WHAT THE TASK ASKS:
Leave out the pictures and output exactly the lines below from the one with "14k Two Tone.....................NOW" down to the one with "WAR- Canvas with Spartan Helmet", both of them included.

MATERIAL FOR THIS EXERCISE:

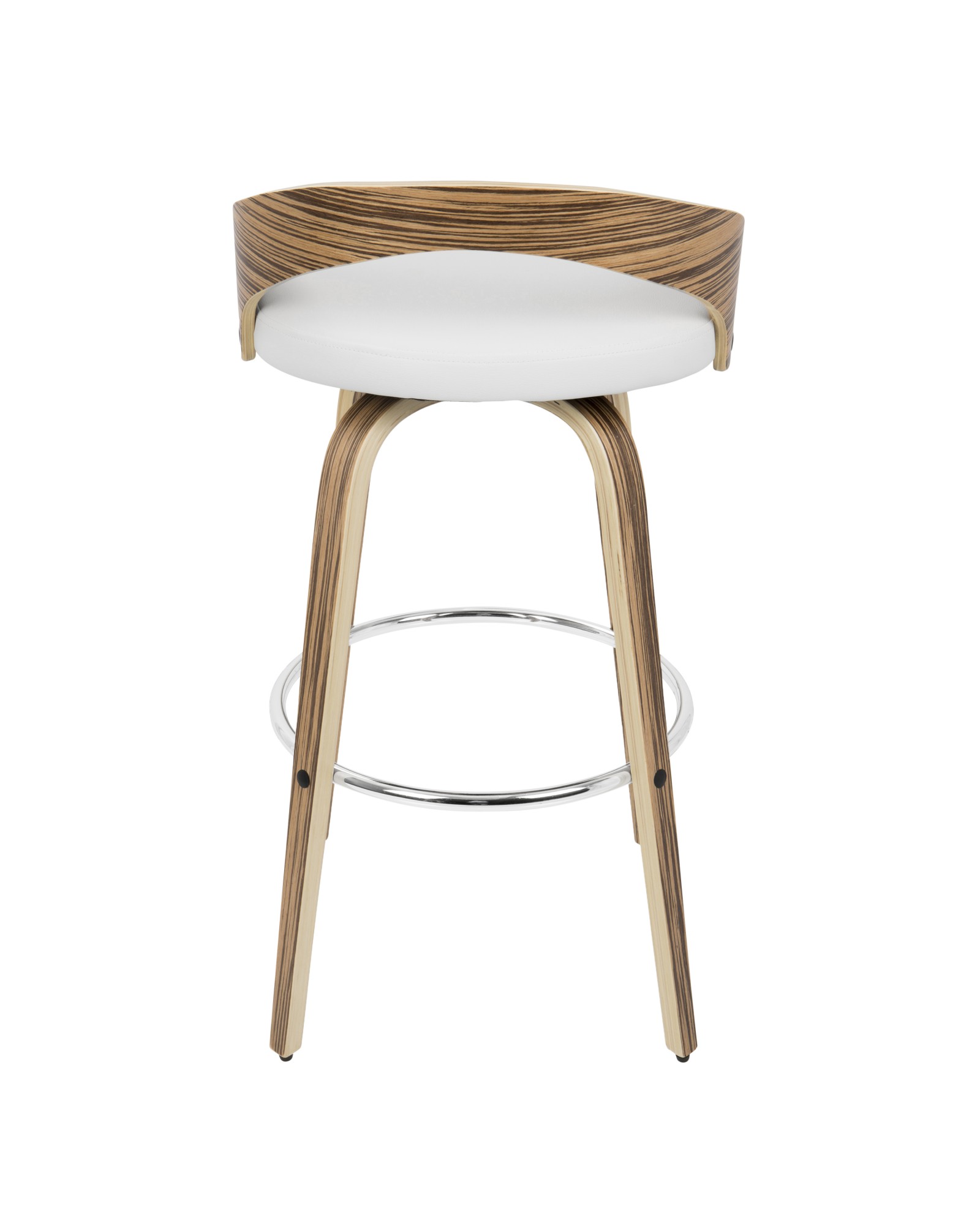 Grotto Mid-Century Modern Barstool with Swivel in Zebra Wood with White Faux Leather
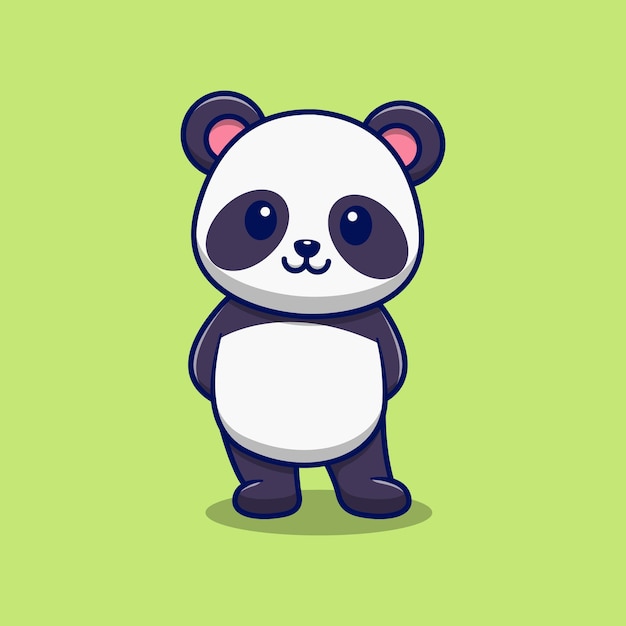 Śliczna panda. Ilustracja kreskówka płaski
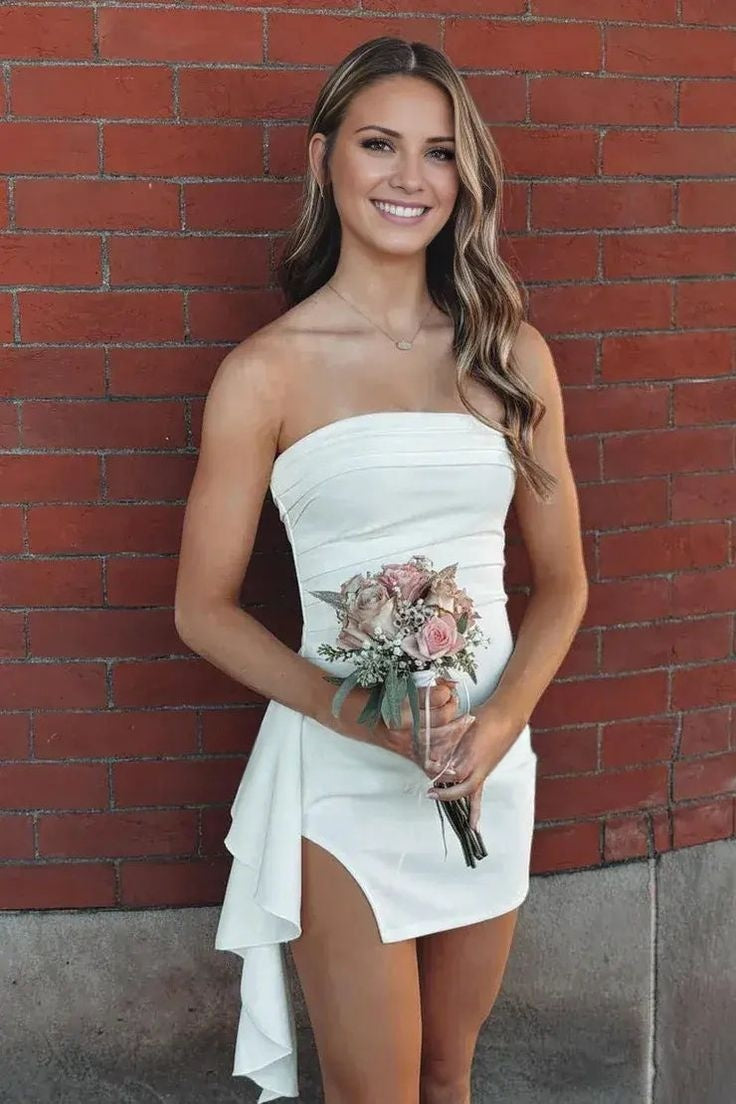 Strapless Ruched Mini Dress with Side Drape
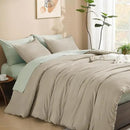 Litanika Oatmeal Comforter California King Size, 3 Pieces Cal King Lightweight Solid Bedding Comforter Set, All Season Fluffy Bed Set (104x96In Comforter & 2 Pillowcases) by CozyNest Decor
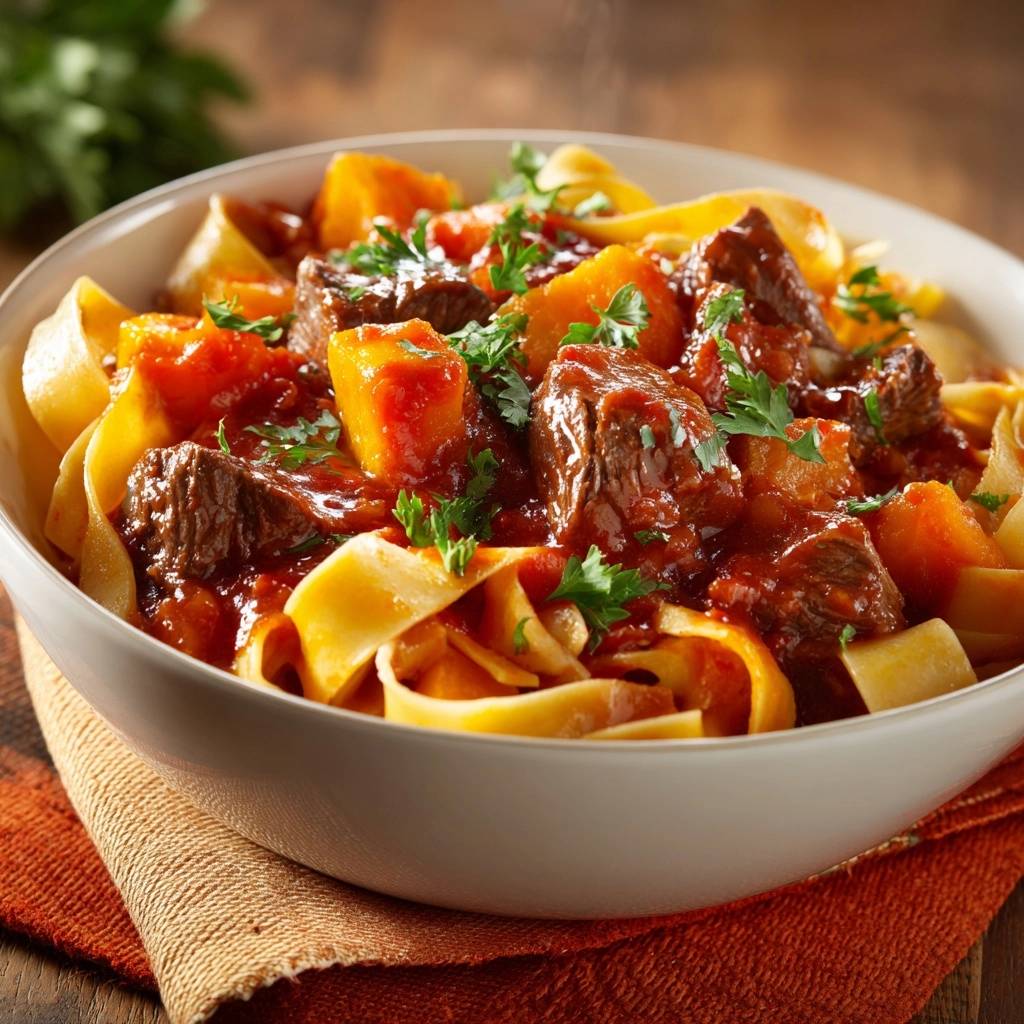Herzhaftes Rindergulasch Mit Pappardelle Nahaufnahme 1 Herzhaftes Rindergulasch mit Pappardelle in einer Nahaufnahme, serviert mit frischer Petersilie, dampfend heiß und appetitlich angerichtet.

...

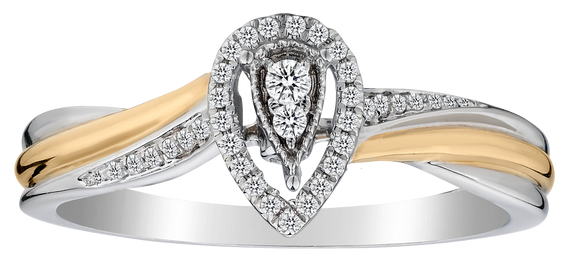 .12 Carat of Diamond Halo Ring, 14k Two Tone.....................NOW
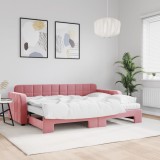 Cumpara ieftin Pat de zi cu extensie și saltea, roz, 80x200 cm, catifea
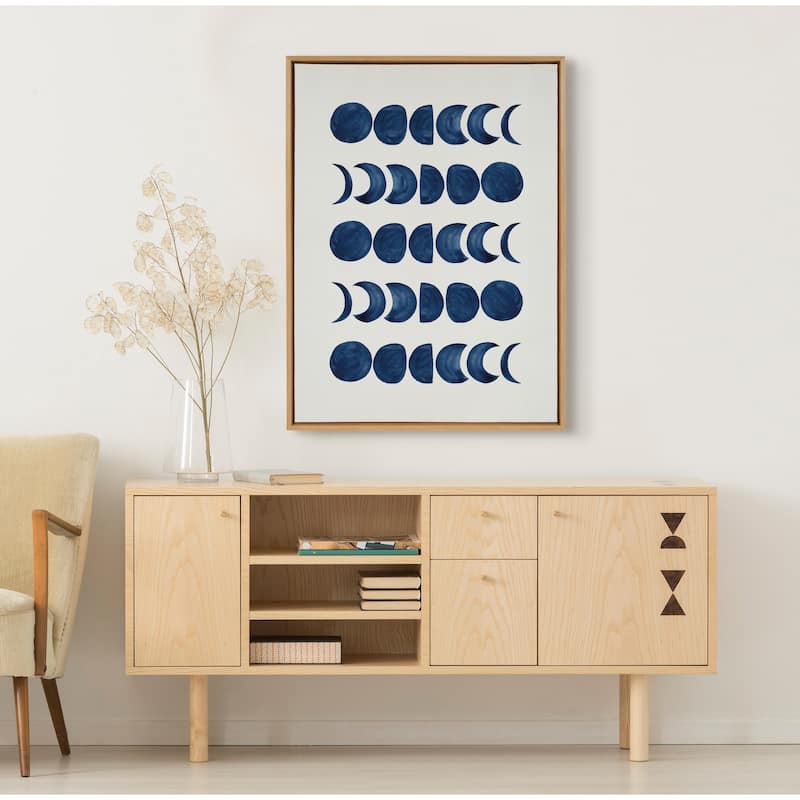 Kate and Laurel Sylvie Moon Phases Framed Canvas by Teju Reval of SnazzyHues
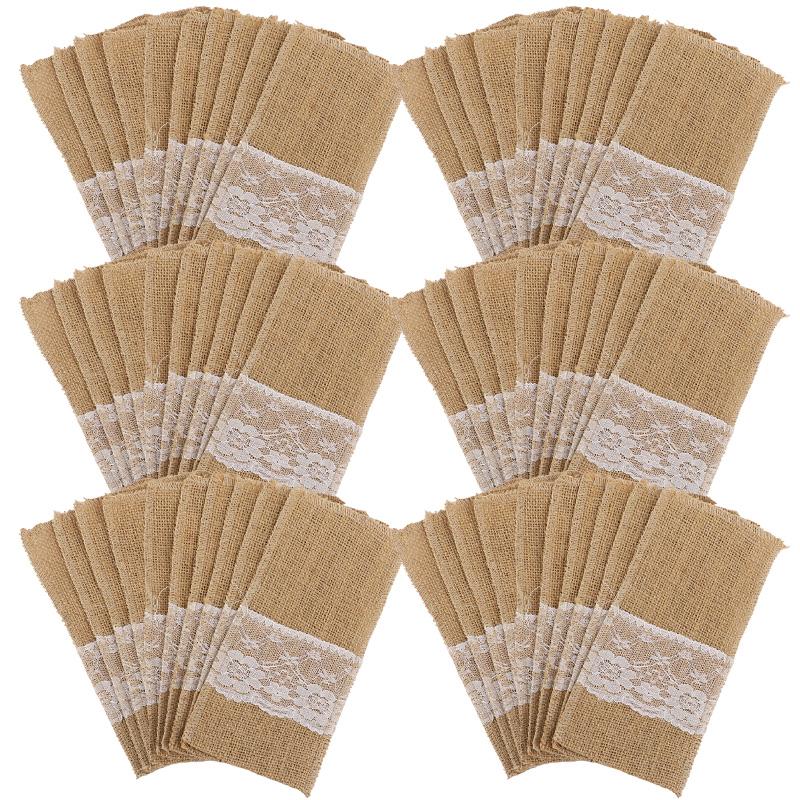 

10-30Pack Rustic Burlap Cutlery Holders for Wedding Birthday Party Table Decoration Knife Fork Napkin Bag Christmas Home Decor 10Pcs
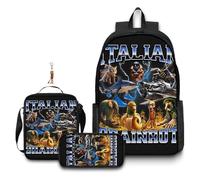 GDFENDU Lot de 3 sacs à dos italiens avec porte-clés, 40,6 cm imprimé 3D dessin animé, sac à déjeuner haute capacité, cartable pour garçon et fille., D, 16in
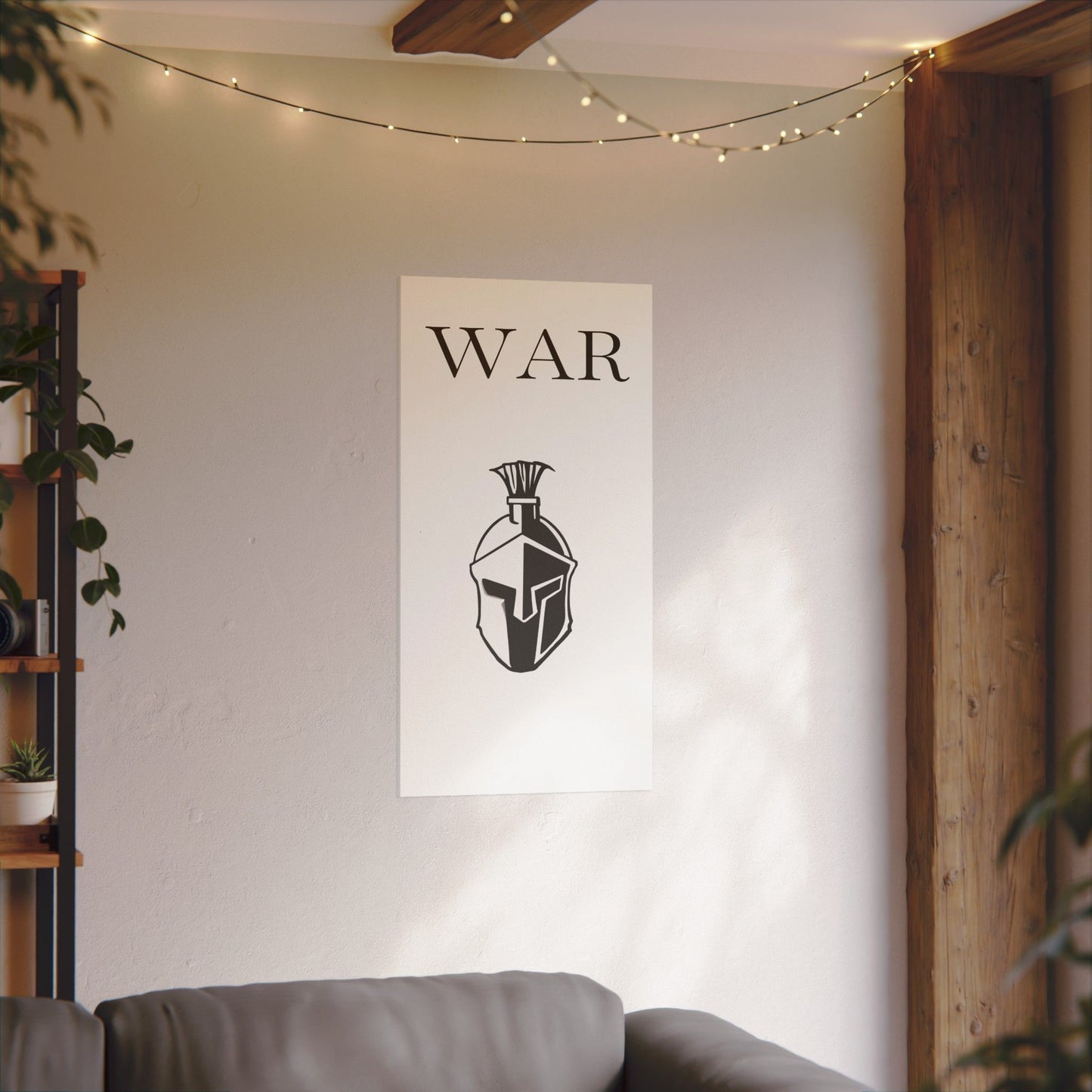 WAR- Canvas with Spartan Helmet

RESPONSE TO THIS EXERCISE:
 .12 Carat of Diamond Halo Ring, 14k Two Tone.....................NOW
 Cumpara ieftin Pat de zi cu extensie și saltea, roz, 80x200 cm, catifea
 Kate and Laurel Sylvie Moon Phases Framed Canvas by Teju Reval of SnazzyHues

10-30Pack Rustic Burlap Cutlery Holders for Wedding Birthday Party Table Decoration Knife Fork Napkin Bag Christmas Home Decor 10Pcs
 GDFENDU Lot de 3 sacs à dos italiens avec porte-clés, 40,6 cm imprimé 3D dessin animé, sac à déjeuner haute capacité, cartable pour garçon et fille., D, 16in
 WAR- Canvas with Spartan Helmet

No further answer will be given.